§ **THE RECORDS**
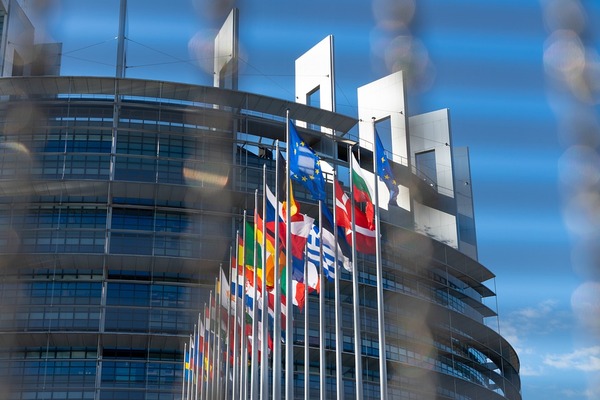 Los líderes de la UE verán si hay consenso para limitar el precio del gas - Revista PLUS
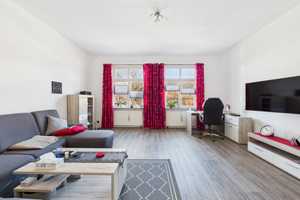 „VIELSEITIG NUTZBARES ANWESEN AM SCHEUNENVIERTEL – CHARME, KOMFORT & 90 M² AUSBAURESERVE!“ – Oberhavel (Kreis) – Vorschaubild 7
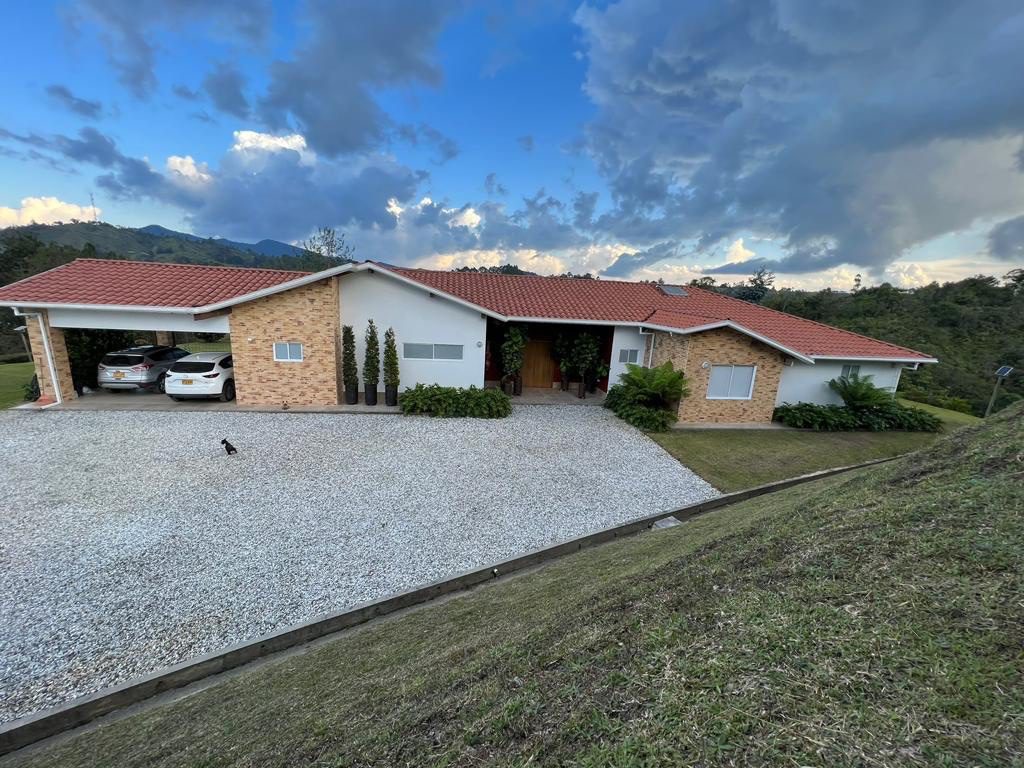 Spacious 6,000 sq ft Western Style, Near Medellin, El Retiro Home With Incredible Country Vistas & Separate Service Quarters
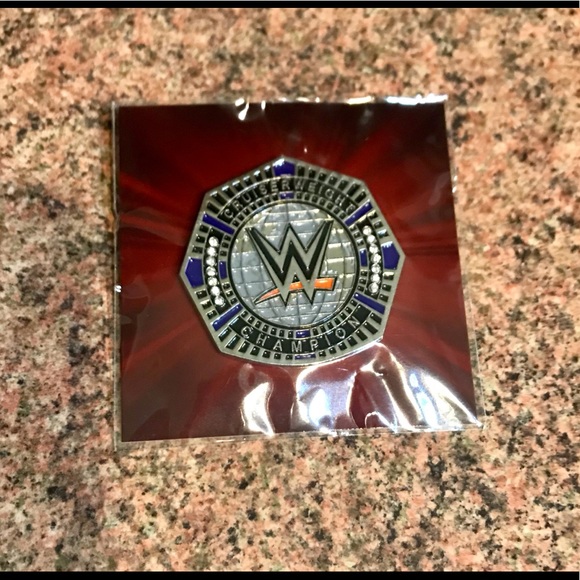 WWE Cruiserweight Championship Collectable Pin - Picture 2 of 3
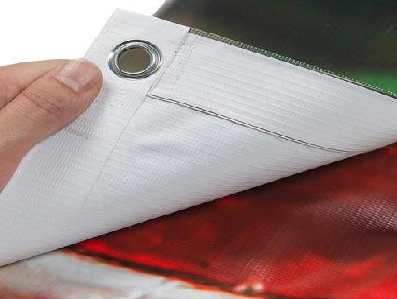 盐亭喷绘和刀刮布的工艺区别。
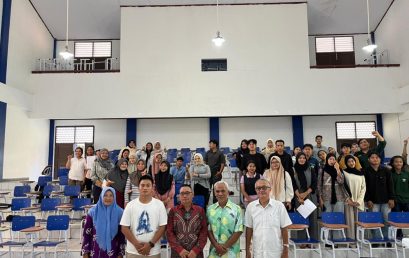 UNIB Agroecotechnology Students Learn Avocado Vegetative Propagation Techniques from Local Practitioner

§ **REQUIREMENT**
From the first line to the last, reproduce the records above exactly and skip the pictures.

§ **ANSWER SECTION**
 Los líderes de la UE verán si hay consenso para limitar el precio del gas - Revista PLUS
 „VIELSEITIG NUTZBARES ANWESEN AM SCHEUNENVIERTEL – CHARME, KOMFORT & 90 M² AUSBAURESERVE!“ – Oberhavel (Kreis) – Vorschaubild 7
 Spacious 6,000 sq ft Western Style, Near Medellin, El Retiro Home With Incredible Country Vistas & Separate Service Quarters
 WWE Cruiserweight Championship Collectable Pin - Picture 2 of 3
 盐亭喷绘和刀刮布的工艺区别。
 UNIB Agroecotechnology Students Learn Avocado Vegetative Propagation Techniques from Local Practitioner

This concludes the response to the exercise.